In the early part of the 20th century, the Greenwood neighborhood of Tulsa was a cultural and economic success story that came to be known as Black Wall Street. On May 31, 1921, a white mob gathered outside a county courthouse in Tulsa where a young Black man was being held over allegations that he had assaulted a young white woman.

White men deputized by the civil officials assaulted the neighborhood from the ground and the sky.   Within two days, Greenwood was no more : 35 city blocks were reduced to heaping ashes, up to 300 of its citizens were dead and thousands were left homeless. The attack erased generational wealth that had been built at a time of great racial oppression.

No person or entity was ever held responsible, and no survivors were compensated for their losses.



The lawsuit , filed under Oklahoma’s public nuisance law, contended that the massacre’s impact continues to be felt acutely more than a century later. Damario Solomon-Simmons, the lead lawyer for the survivors, said the city’s enduring racial disparities, economic inequalities, and trauma among survivors and their descendants are evidence of the massacre’s long reach.





State and local officials have argued that while the massacre was horrific, they should not be held accountable for events that happened in 1921.

The lawsuit named the Tulsa County sheriff, county commissioners and the Oklahoma Military Department, which administers the Oklahoma Army and Air National Guard as defendants.

Judge Caroline Wall, a district court judge, who had ruled in May 2022 that the case   could proceed , dismissed it in July 2023 on procedural grounds. Lawyers for the city argued that “simply being connected to a historical event does not provide a person with unlimited rights to seek compensation from any project in any way related to that historical event.”



The following month, the Oklahoma Supreme Court   agreed to hear an appeal   of the lower court’s dismissal. On April 2, Mr. Solomon-Simmons stood before the nine justices and asked that the case be allowed to proceed. Ms. Fletcher and Ms. Randle attended the proceeding.

“On the one side, you have 109-year-old plaintiffs who are the last two survivors of the massacre,” he said. “On the other side, you have the perpetrators of the massacre who for 103 years have escaped any liability and who deny to this day that they caused the destruction which these survivors witnessed with their own eyes.”





Lawyers representing the defendants argued that the two survivors lacked standing and that in 1921 when the massacre occurred, governmental agencies involved were shielded from liability by sovereign immunity.




In a joint statement issued before the April 2 hearing, Ms. Randle and Ms.

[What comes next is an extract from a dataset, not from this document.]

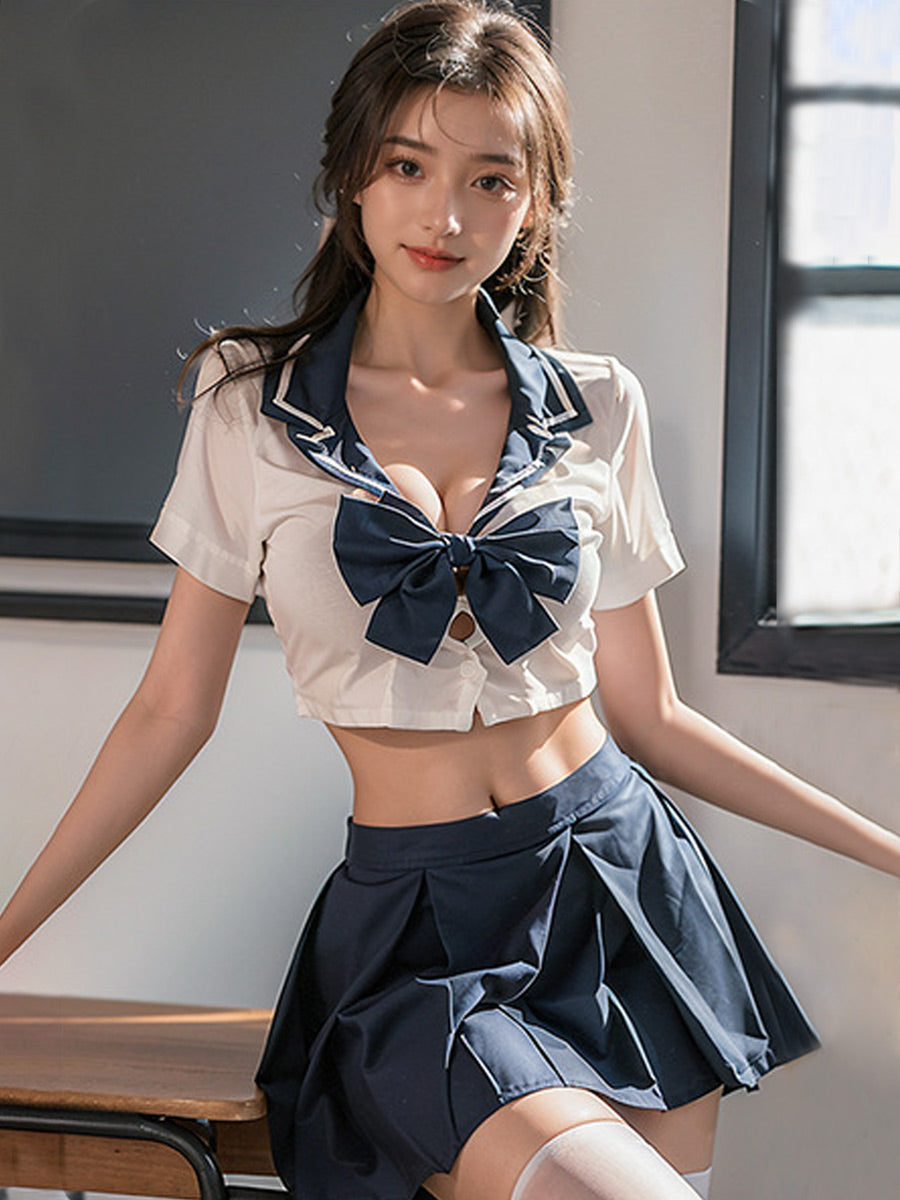  Liitrsh Cosplay Costume Japanese School Uniform Japanese School  Girls Anime Halloween Sailor Navy Socks Set : Clothing, Shoes & Jewelry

Fletcher said, “We are grateful that their now-weary bodies have held on long enough to witness an America, and an   Oklahoma , that provides race massacre survivors with the opportunity to access the legal system.”

“Many have come before us who have knocked and banged on the courthouse doors, only to be turned around.”

In an interview with The New York Times before her legal team filed one of its final court motions last year, Ms. Randle said justice was overdue.

“I would like to see justice," she said from her Tulsa residence in November. “It’s past time. I would like to see this all cleared up and we go down the right road. But I do not know if I will ever see that.”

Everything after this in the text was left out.